Ivaldo Lemos Junior
Procurador de justiça do MPDFT
Em uma definição tautológica, porém inspiradora, ”poder” é a capacidade de se realizar alguma coisa. Por exemplo, eu não posso voar porque não tenho asas e a anatomia do meu organismo não foi construída para tal função. Mas posso fazer tudo o que estiver a meu alcance, como andar, correr, nadar.

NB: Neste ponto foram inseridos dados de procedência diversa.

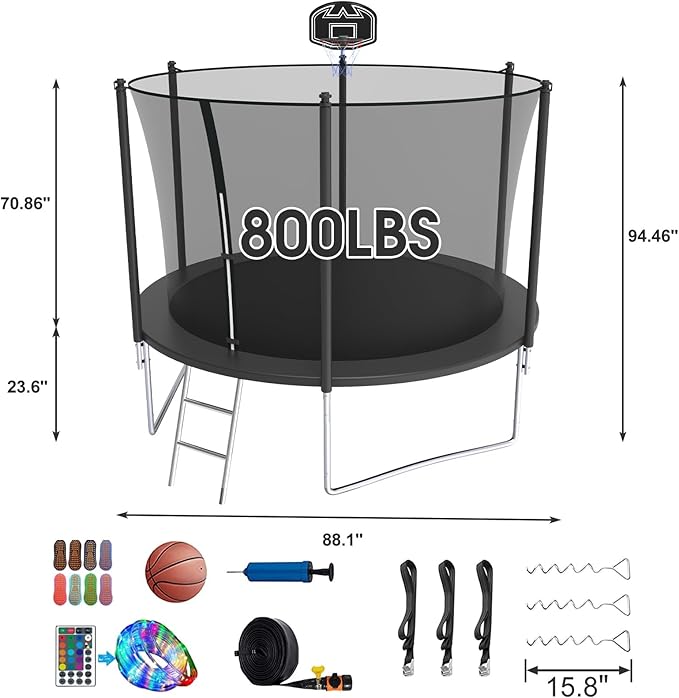 SKYUP Tranpoline 1500LBS 16 15 14 12 10 8 FT Tranpoline for 7-10 Kids and Adults, Windproof Outdoor Tranpoline with Enclosure Net, Basketball Hoop, Easy to Install & Last Long - ASTM Approved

Acontece que poder não se resume a movimentos naturais e se aplica ao plano da cultura, aos vínculos mais ou menos complexos que as pessoas tecem quando se relacionam. Talvez eu consiga comer em um restaurante mais chique em uma ou outra ocasião especial, mas não todas as semanas, muito menos todos os dias, as minhas finanças rapidamente não suportariam. Aqui, o meu poder se contrasta com o poder que outros exercem sobre mim ao mesmo tempo – no caso, a legitimidade do garçom de exigir o pagamento da conta da refeição. Juridicamente, o que há em um restaurante é um sinalagma, ou seja, um acordo de obrigações recíprocas (do ut des).

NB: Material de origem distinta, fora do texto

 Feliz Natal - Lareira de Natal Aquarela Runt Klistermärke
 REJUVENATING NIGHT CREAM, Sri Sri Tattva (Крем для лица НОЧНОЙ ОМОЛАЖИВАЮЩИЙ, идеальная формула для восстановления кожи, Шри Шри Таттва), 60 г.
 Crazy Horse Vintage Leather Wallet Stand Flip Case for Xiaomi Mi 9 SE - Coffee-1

Quando se acrescenta o predicado “político”, a ideia de poder se sofistica para as coisas que outras pessoas fazem a partir do que eu quero, do que eu gosto, do que eu não gosto. De alguma maneira, eu mando nelas. E elas me são desconhecidas, muitas eu nem sei o quanto existem, elas não pertencem a meu círculo familiar (a autoridade que o pai exerce sobre o filho é de outro naipe, porquanto está idealmente modelada por uma tensão amorosa ou carinhosa) ou semi-familiar (é o caso do professor que, também idealmente, dirige o aluno com o escopo de que este absorva a matéria e se desenvolva intelectualmente).
As conexões do poder político nunca perdem totalmente a raiz pseudo-sentimental de que o comandado deve obediência não porque isso é delicioso para mim, mas porque se trata de um dar que É receber - nem que seja forjado um discurso postiço, senão mesquinho e mentiroso. Quem tiver ouvidos, que ouça.